▶ Task:
Please restate, exactly as written, the lines running from the beginning of the material through the line that has "Renault Captur 2020 - Image 1" in it.
+++ Extracted data +++
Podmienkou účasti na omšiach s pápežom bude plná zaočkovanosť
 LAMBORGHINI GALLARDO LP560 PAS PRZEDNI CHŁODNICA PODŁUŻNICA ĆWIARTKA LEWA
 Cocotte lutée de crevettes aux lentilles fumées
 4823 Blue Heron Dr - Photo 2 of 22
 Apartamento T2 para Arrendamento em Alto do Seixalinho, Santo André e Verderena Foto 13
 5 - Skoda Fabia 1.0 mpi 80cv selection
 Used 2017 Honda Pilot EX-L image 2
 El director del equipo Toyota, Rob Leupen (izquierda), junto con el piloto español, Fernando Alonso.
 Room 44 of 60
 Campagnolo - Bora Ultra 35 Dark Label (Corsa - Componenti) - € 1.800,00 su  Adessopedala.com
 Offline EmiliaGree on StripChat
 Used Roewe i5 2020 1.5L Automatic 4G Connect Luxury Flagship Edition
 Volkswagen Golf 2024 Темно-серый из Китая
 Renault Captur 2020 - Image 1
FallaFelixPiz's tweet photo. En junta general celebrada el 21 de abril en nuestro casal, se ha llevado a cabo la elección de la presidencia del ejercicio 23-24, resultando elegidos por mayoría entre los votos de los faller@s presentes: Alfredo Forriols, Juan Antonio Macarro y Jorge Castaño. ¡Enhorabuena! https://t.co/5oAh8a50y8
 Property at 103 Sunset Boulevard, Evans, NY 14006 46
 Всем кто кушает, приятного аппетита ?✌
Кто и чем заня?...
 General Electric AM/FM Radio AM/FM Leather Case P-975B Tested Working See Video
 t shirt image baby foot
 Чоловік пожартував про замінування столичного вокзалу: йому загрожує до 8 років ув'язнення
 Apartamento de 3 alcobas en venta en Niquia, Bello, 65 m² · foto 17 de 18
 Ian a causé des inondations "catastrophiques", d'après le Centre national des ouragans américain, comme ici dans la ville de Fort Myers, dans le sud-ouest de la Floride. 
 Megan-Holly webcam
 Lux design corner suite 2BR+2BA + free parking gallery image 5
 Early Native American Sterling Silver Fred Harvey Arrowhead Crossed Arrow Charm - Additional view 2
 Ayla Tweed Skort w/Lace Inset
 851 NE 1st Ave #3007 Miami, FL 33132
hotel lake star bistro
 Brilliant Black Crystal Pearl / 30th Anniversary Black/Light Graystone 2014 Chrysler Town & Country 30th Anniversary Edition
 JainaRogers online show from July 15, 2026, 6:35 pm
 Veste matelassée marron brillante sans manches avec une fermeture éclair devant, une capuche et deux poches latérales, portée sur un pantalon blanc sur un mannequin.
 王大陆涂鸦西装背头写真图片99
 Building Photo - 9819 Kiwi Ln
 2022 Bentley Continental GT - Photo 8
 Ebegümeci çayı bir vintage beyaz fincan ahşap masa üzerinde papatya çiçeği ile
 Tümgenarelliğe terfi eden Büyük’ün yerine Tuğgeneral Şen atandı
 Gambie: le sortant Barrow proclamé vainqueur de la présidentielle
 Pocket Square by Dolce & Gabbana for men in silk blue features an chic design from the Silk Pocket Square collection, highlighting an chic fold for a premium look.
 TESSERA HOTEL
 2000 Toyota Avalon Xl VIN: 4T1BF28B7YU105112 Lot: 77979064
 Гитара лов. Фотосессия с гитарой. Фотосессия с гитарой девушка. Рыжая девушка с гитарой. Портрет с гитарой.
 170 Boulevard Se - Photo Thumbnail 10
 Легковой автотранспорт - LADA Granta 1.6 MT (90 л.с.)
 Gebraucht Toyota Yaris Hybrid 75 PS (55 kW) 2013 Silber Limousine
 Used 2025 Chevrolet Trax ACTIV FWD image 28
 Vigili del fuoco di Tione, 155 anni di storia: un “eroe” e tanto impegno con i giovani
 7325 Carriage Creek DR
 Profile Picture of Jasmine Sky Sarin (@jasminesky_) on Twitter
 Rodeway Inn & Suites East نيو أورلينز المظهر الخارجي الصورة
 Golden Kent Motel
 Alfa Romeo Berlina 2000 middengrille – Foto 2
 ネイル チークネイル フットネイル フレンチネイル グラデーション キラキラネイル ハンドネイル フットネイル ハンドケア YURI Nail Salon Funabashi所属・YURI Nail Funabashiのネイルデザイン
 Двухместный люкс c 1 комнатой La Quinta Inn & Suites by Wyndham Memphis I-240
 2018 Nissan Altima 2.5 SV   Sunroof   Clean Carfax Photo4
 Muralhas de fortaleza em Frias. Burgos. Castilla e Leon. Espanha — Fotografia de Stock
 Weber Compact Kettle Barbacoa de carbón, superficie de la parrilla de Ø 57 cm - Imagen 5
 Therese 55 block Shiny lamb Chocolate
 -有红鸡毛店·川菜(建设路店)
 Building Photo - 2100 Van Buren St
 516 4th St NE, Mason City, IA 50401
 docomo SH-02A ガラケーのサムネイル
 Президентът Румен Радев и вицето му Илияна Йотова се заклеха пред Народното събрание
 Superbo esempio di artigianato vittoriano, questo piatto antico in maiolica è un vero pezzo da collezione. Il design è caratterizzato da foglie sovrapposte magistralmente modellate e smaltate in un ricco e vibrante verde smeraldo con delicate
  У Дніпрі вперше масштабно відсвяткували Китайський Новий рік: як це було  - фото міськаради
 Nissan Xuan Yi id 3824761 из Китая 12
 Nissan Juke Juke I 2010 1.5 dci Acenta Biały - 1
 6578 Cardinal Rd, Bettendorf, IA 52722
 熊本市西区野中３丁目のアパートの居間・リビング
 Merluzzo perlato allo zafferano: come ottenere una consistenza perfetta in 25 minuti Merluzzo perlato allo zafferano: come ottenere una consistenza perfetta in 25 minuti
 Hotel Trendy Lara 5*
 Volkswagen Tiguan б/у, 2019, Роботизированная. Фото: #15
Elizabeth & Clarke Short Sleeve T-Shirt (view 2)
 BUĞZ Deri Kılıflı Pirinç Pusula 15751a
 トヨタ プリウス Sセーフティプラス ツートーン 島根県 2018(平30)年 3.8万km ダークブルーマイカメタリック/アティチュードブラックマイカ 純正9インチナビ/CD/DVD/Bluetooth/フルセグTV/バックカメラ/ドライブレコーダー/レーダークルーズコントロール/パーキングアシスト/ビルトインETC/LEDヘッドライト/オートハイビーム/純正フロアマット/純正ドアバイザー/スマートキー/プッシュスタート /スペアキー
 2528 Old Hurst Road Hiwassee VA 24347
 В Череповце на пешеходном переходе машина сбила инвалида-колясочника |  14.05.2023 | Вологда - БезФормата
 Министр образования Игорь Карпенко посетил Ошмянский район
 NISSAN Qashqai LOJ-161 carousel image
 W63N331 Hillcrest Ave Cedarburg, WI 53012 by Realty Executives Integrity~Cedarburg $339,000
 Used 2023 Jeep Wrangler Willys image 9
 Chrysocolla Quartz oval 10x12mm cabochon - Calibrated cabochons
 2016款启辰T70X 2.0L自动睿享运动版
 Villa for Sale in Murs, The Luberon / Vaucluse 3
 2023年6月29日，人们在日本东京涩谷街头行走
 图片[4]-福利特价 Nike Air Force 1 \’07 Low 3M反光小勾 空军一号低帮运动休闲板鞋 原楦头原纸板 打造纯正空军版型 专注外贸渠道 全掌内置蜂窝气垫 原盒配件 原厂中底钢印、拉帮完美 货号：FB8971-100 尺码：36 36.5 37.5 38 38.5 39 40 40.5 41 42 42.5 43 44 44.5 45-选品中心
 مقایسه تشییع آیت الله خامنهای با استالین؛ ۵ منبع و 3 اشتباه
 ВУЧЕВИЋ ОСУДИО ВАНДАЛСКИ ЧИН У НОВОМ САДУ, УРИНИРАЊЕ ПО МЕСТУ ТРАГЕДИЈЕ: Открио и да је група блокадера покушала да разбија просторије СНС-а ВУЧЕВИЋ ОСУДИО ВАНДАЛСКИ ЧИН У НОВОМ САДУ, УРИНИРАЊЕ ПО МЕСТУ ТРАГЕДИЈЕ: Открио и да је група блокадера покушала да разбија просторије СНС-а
+++
▶ Result for this exercise:
Podmienkou účasti na omšiach s pápežom bude plná zaočkovanosť
 LAMBORGHINI GALLARDO LP560 PAS PRZEDNI CHŁODNICA PODŁUŻNICA ĆWIARTKA LEWA
 Cocotte lutée de crevettes aux lentilles fumées
 4823 Blue Heron Dr - Photo 2 of 22
 Apartamento T2 para Arrendamento em Alto do Seixalinho, Santo André e Verderena Foto 13
 5 - Skoda Fabia 1.0 mpi 80cv selection
 Used 2017 Honda Pilot EX-L image 2
 El director del equipo Toyota, Rob Leupen (izquierda), junto con el piloto español, Fernando Alonso.
 Room 44 of 60
 Campagnolo - Bora Ultra 35 Dark Label (Corsa - Componenti) - € 1.800,00 su  Adessopedala.com
 Offline EmiliaGree on StripChat
 Used Roewe i5 2020 1.5L Automatic 4G Connect Luxury Flagship Edition
 Volkswagen Golf 2024 Темно-серый из Китая
 Renault Captur 2020 - Image 1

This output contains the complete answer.